Afortunadamente yo llevaba mi paraguas, que había cogido previsor, y pude salir tras ellos a aquel verdadero diluvio. Aun así, arrastro un catarro mal curado y que no me abandona desde aquellos días en los que anduve de perseguidor bajo aquellas lluvias. Bajaron de nuevo por Platerías y corrieron a abrigarse en los soportales de la Rúa do Vilar. Y qué buenas piernas tiene la juventud, que todo se le hace llevadero y enseguida llega a los sitios.

Bajé las escaleras y atravesé la plaza detrás de ellos, que ya iban allá delante bajo los soportales. Preferí ir por fuera, por el medio de la calle, donde corría el agua de aquel arroyar, no me fuesen a descubrir. Conseguí de ese modo mojarme los pies por completo, pues no hay calzado que aguante un baño así por buena que sea la piel del zapato. Aun así, pude seguirlos hasta una casa a la altura del Casino de Caballeros, en cuyo bajo hay una librería religiosa con un color rojo llamativo de bastante mal gusto, que parece mentira que dejen abrir una tienda así en el casco antiguo y artístico. En ese bajo había estado mucho antes, según me contó mi padre, que en paz descanse, el Café Español, en el que en tiempos de la República había espectáculos frívolos que traía aquel popular Ramallo que dicen que tanto viajaba a París para traer ese tipo de mujeres de la farándula a nuestra ciudad. Hasta que vino Franco, y con él, con todas las críticas que se le puedan hacer hoy, nuestra Iglesia pudo someter el desorden bajo la moral católica. Y entraron en el portal de esa casa a la que me acabo de referir. Y pude comprobar que era ella quien abría la puerta con su llave y quien lo empujaba hacia dentro insistiendo, pues él se mostraba remiso a entrar. De manera que era la casa de ella.

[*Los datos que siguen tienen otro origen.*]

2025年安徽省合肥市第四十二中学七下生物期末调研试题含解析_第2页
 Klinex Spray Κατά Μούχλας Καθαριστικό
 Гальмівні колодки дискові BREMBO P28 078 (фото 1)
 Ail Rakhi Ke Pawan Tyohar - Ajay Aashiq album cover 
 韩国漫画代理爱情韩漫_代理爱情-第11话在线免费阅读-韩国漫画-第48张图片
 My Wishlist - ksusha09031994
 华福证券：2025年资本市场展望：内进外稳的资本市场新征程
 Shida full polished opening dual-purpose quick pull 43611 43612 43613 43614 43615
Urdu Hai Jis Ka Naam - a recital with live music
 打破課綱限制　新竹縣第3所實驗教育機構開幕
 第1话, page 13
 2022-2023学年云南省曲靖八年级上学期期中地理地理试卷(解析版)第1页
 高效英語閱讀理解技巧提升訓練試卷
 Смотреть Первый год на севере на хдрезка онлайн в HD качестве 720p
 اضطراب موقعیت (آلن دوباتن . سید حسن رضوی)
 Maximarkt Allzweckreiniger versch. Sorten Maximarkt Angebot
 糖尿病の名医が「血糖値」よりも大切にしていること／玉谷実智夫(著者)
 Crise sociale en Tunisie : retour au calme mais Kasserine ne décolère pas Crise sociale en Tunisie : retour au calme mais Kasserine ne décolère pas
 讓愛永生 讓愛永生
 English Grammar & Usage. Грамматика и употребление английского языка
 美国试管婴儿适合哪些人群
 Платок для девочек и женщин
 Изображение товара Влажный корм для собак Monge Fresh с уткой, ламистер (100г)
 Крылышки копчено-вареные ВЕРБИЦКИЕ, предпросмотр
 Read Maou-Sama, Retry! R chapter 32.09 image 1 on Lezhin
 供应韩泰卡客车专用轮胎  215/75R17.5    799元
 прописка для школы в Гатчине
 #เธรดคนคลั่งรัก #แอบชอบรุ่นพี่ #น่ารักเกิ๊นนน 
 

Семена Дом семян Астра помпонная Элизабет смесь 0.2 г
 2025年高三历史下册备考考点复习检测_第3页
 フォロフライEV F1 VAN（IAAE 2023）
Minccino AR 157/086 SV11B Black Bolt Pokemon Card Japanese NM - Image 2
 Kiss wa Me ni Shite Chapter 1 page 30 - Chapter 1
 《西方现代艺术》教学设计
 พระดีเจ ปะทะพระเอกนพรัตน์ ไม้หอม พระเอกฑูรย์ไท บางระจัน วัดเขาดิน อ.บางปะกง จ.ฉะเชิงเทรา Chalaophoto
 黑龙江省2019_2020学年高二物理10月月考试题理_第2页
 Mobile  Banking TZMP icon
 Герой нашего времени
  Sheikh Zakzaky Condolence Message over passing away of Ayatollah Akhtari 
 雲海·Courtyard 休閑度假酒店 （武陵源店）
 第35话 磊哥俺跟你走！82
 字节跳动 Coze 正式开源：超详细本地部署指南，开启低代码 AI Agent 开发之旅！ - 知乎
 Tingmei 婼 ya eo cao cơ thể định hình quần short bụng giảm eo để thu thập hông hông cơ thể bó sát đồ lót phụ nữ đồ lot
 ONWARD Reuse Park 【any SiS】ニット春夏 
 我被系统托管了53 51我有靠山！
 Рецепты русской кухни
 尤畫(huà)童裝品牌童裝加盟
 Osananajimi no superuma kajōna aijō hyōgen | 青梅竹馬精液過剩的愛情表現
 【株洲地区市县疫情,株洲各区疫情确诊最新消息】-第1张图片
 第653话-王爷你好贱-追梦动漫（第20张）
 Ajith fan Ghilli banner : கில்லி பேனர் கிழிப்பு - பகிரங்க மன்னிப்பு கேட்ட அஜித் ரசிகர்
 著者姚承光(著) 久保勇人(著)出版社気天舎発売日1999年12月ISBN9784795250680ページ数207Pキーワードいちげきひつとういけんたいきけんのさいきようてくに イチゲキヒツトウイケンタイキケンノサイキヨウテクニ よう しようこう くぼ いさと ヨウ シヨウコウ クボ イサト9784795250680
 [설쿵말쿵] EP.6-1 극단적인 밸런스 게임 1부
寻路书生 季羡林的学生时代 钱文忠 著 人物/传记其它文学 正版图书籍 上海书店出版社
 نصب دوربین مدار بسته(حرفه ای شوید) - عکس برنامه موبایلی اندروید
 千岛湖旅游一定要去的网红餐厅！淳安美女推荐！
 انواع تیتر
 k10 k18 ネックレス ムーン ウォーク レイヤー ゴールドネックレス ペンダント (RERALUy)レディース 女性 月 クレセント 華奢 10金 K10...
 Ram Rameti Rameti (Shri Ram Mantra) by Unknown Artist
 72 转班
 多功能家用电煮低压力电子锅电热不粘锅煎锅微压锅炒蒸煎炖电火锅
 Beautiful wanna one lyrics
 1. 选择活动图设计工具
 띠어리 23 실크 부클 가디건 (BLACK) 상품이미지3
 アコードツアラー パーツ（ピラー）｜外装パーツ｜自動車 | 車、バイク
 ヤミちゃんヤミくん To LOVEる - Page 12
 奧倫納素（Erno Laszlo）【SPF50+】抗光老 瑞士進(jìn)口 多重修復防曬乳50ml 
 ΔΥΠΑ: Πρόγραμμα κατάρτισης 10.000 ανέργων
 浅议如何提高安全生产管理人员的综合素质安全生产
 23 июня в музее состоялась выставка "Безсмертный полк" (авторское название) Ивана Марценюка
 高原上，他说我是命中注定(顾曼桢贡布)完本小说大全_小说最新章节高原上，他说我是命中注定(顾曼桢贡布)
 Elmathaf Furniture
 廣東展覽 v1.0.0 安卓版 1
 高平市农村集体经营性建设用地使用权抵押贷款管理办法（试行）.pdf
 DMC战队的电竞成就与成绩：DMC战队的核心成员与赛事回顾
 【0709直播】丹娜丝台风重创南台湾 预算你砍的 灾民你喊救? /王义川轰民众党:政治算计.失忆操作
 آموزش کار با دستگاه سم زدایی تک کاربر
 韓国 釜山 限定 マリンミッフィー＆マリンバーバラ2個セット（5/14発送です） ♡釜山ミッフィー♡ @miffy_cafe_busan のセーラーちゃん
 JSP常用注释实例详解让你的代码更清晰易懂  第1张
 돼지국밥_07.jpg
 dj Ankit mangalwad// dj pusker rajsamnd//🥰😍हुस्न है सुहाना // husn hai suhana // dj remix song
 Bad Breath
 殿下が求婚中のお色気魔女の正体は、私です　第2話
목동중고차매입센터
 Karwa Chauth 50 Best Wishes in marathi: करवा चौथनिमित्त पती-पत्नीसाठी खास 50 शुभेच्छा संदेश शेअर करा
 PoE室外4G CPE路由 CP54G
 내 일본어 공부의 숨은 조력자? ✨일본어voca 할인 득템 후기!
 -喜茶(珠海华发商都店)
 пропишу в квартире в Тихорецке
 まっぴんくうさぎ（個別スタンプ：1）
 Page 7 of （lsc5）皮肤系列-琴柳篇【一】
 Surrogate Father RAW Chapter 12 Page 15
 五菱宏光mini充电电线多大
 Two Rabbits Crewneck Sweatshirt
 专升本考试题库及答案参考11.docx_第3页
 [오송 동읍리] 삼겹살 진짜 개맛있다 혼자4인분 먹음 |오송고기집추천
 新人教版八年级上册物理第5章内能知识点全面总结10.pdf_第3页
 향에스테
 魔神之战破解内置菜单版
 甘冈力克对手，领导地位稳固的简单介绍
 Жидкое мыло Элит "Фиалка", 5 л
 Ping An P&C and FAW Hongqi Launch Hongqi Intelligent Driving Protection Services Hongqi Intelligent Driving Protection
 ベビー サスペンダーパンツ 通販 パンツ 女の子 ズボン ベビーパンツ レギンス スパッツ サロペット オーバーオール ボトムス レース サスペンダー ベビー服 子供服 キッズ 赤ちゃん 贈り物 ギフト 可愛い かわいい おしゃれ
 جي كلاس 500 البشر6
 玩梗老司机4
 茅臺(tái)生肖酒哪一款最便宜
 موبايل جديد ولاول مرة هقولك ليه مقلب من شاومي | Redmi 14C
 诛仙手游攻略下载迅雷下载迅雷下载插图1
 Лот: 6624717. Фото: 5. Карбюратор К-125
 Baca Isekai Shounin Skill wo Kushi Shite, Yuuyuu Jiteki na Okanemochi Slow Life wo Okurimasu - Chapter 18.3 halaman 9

Y en ese momento fui descubierto. Ya cerraba ella el portal cuando echó una ojeada a un lado y a otro, y allí me vio, bajo el paraguas en el medio de la calle, caminando hacia donde ellos estaban. Yo miré para otro lado disimulando, pero vi en sus ojos que me había reconocido, seguramente ya se habría fijado antes en mí en algún momento del seguimiento a que los había sometido. Y entonces hice una cosa que vista ahora parece ridícula —claro que hay que verse en las situaciones para saber cómo puede reaccionar uno—, pues para disimular, bajo aquel cielo que se deshacía en aguas y que me tenía chorreando y a la gente apartada de la calle o encogida bajo los soportales, me puse a hacer como quien miraba los monumentos, considerando la belleza de los edificios. Al fin, me metí con discreción bajo los soportales, escondiéndome. Cuando volví a mirar hacia allí, ya ella había cerrado el portal.

Había sido descubierto. El caso es que había averiguado dónde vivía ella y dónde se habían ocultado; a costa de una buena mojadura, eso sí. Se encendió una luz arriba de todo, en un ático, y acechó una figura tras la ventana, así que me oculté bien bajo las arcadas, pues a las astucias del Mal hay que saber responder con sus mismas armas.